Nous le savons tous, la Corse accuse un grave déficit dans la balance commerciale. Nous importons beaucoup plus que nous exportons. Nous sommes donc dépendants de l’extérieur pour une multitude de produits de première nécessité. Si dans certains secteurs notamment dits de pointe ou technologiques, cette dépendance est compréhensible, il n’en est pas de même dans d’autres, comme par exemple l’agriculture, les métiers de la mer…

Lors des dernières élections territoriales de décembre 2017, avec la liste ” A Corsica in communu”, nous avions mis en évidence cette situation, ce déséquilibre dommageable à un développement harmonieux de notre Île. L’agriculture au sens large, la forêt, la pierre, la pêche, les nouvelles technologies et bien d’autres domaines n’ont pas eu l’attention politique et le soutien nécessaire. 

En cause, les politiques mises en œuvre depuis des décennies par tous les pouvoirs en Corse et sur le Continent.

Les limites du TOUT TOURISME

La politique du TOUT TOURISME, 1/3 du PIB dans l’île montre aujourd’hui, les limites d’une région qui a tout misé sur ce secteur depuis près de 50 ans. 

Aujourd’hui, on en mesure le résultat !

En cette période de grave crise sanitaire et sociale, l’incohérence du modèle économique du TOUT TOURISME nous saute aux yeux.

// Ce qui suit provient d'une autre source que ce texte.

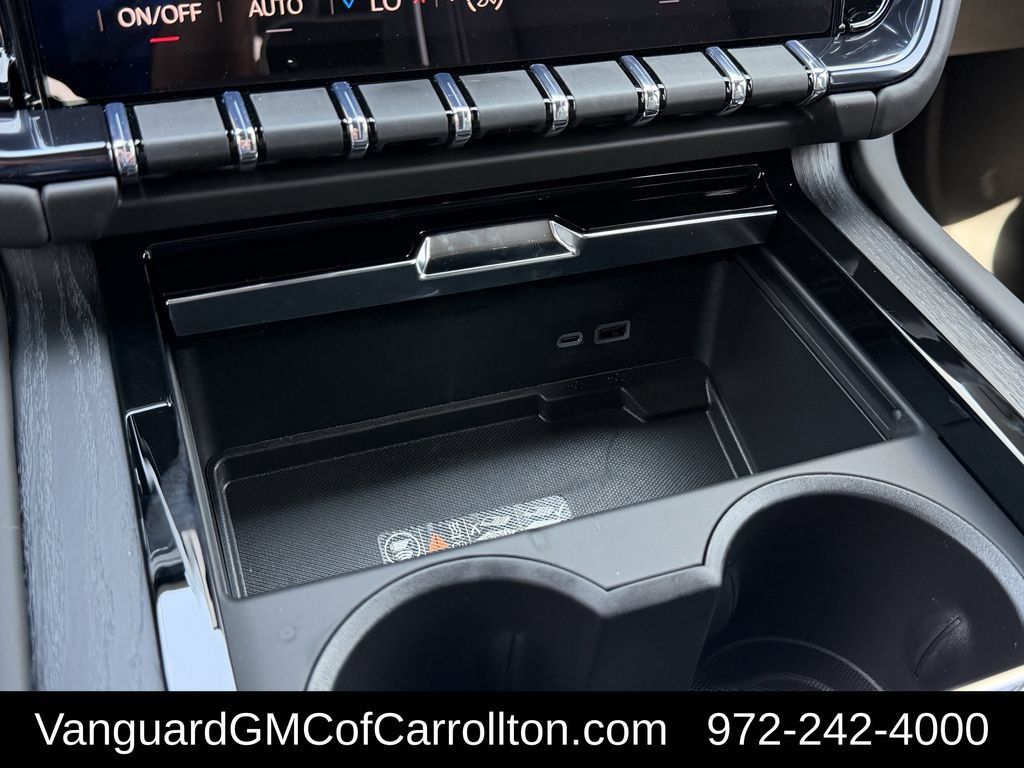 New 2026 GMC Yukon AT4 Ultimate w/ LPO, Floor Liner Package AWD/4WD image 17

Déchets: transport vers le continent

Il ne faut surtout pas croire que personne n’est responsable. Tous les pouvoirs politiques et économiques depuis les années soixante jusqu’à nos jours ont initié, soutenu, revendiqué, cette mono activité touristique au détriment d’une économie diversifiée,  créatrice d’emplois stables, dans différents domaines d’activités.

Si la balance est largement déficitaire entre nos exportations faibles et nos importations, il faut aussi comprendre que lorsque nous accueillons des centaines de milliers de touristes, il faut aussi importer en conséquence pour les nourrir. 

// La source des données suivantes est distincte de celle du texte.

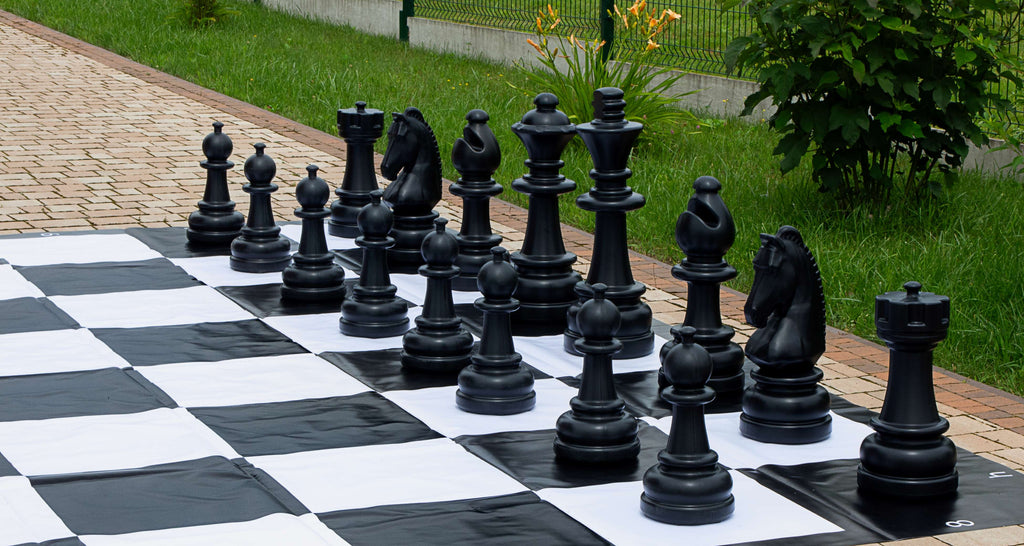 Giant Plastic Chess Pieces 74cm King – Outdoor Garden Set – image 3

Le jour d’après saurons-nous tirer enseignements

Le jour d’après, saurons-nous tirer les enseignements de ces incohérences, ces fragilités économiques ?

Serons-nous capables de changer le modèle économique en Corse ?

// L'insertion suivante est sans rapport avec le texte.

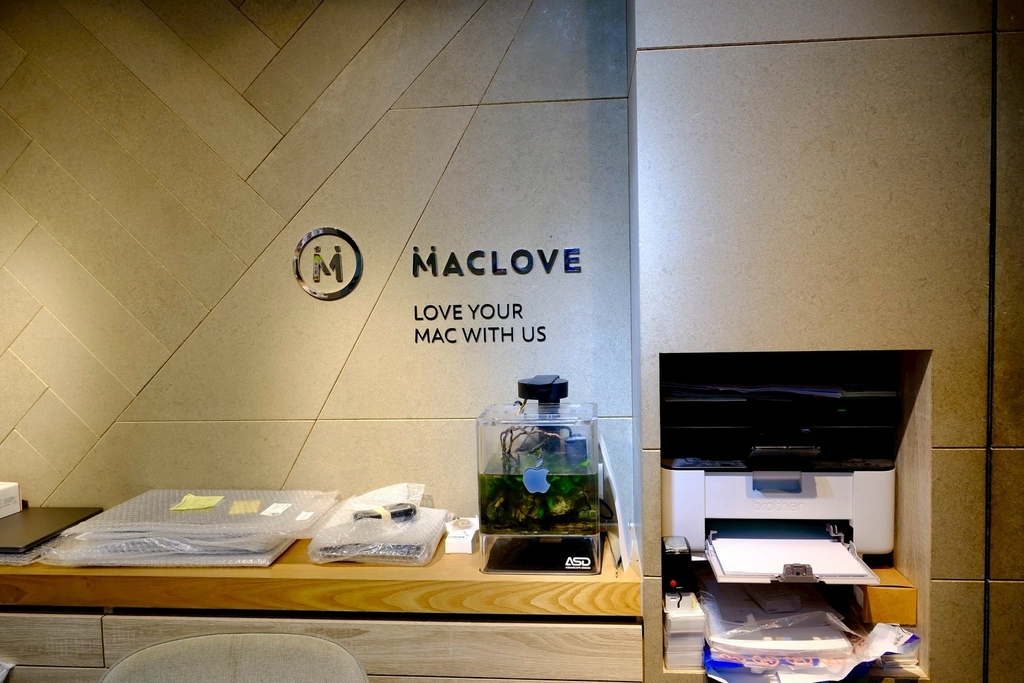 iPhone 容量滿了別急著換 16!小資女發現台北維修神店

Mais plus fondamentalement, nous retiendrons une phrase de Serge HALIMI publiée dans un article du Monde Diplomatique Désormais, le protectionnisme, l’écologie, la justice sociale et la santé ont partie liée. Ils constituent les éléments-clés d’une coalition politique anticapitaliste assez puissante pour imposer, dès maintenant, un programme de rupture”.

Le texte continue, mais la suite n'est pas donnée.